## [DATA FOR THIS TASK]
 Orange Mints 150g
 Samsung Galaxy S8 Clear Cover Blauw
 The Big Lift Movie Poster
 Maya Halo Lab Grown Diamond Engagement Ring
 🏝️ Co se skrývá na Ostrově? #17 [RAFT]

--

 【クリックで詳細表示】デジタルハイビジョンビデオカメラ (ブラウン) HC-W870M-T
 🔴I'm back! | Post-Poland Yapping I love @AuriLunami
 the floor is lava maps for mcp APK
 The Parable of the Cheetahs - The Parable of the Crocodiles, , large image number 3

## [ABOUT THIS TASK]
Your task is to transcribe, with no changes, only the lines of the listing above that lie between the line holding "Maya Halo Lab Grown Diamond Engagement Ring" and the line holding "Ostrově? #17 [RAFT]", inclusive.

## [RESULT OF THIS TASK]
 Maya Halo Lab Grown Diamond Engagement Ring
 🏝️ Co se skrývá na Ostrově? #17 [RAFT]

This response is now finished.